Growing Up With a Republican Parent
For as long as I can remember, Fox News has always been on in my house. I was born in America, as was my dad, but we live in Ireland now. The channel is his go-to for catching up on the news back home. Over the years, I've often sat with him as we watched shows like 'The Hive' and the 'The O'Reilly Factor' and unwittingly absorbed everything I heard. Granted, there is only so much a child can take in.
As a person with liberal and democratic views now, it's really funny to see how my political opinions have changed.
I was seven when Obama won the presidency in 2008 and eight when he was sworn in. At the time, I had such a twisted view of the Democratic Party. I did not possess the knowledge required to sufficiently assess the party and it's views at eight-years-old. My dad voted for McCain, so I was definitely biased as a young child, since you assume everything your parents do is 'right.' (pun intended). When you said Obama or Democrat, I would think of a scary haunted mansion with a long twisted driveway. I imagined villains I knew from Scooby Doo, all sitting at a long table discussing their evil plans. It was THAT bad. I now wonder how my views got to the point where I could barely comprehend what was discussed on the channel. You can blame my run-away imagination, but I beg to differ and argue the power of politically-tilted media.
When I was around ten, my friend said that Bush started a war. This statement left me shell-shocked. I vainly denied it and defended him. I had no idea Bush was making decisions about what soldiers did in the Middle East. To me, Bush was the President i.e. the best man in America. In my mind, him and war conflict did not intersect.
During the 2012 election, my dad supported Mitt Romney, but I don't recall favoring a candidate. No doubt, when I asked questions about the election, I was probably given a less than accurate account of what Obama wanted to do. It didn't seem to phase me.
Fast forward to this year, I was laughing at videos of Obama cracking dad jokes and chuckling at the memes of the Obama-Biden bromance. In the early days, I watched the news (Fox News, no less) and stared at the TV screen in disbelief that a man like Trump was running. I was comforted by the polls and broadcasters saying there was no way he'd get the Republican nomination. No comment now.
I have an ongoing joke with some of my friends that I'm going to run in the 2036 election and win and become the first woman president. I had even started on my campaign hashtags: #VottaforPresident2036. And although this was a joke, I wasn't fully embracing Hillary Clinton as the potential first woman president. Even up to Election Day 2016, I wasn't well versed in her promises and was mostly clouded by her email scandal, but I was more than willing to sacrifice my chance at becoming the first woman president to avoid the nightmare of a Trump presidency. When the news played in our house (guess what channel) my dad would say, “We're gonna build a wall!,” for the sole reason that he knew I hated Trump. My dad didn't love Trump or Clinton, but he didn't vote in last year's election because he didn't receive his ballot in the mail. (We didn't know that states aren't required to send overseas citizens their ballots anymore.)

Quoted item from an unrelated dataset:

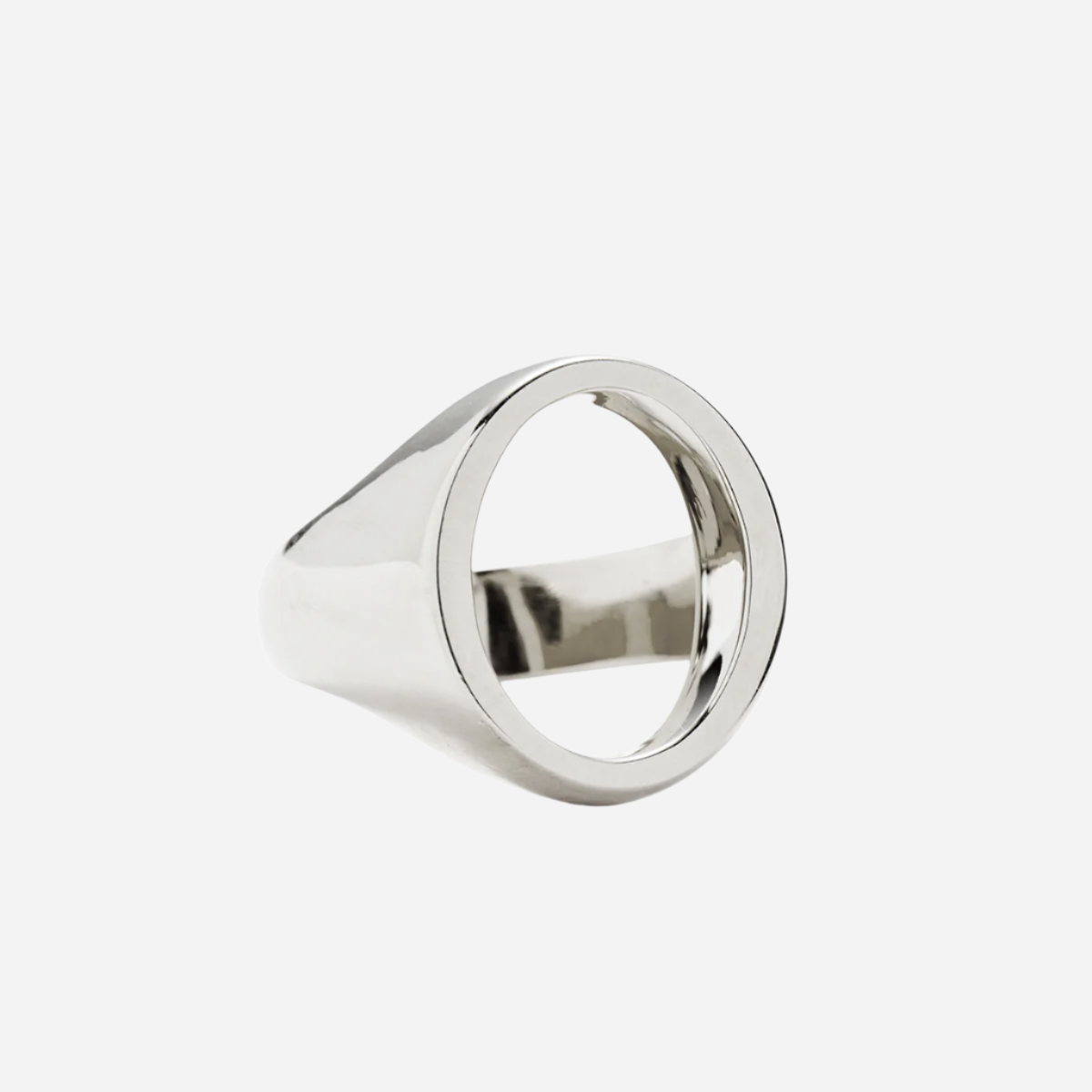 Open Signet Ring in Silver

As an aspiring journalist with an interest in politics, my political evolvement is interesting to see. I now know the power the media can have and how the media carries out their political agenda. Although I regret the years I wasn't bleeding blue, I think being formerly brainwashed by conservative media gives me a slight edge when it comes to assessing 'fake news.’
Right now, my political differences with my dad make for really interesting discussions and debate. I enjoy the not-very-deep schism. It aids me as I assess topics with a more rounded view.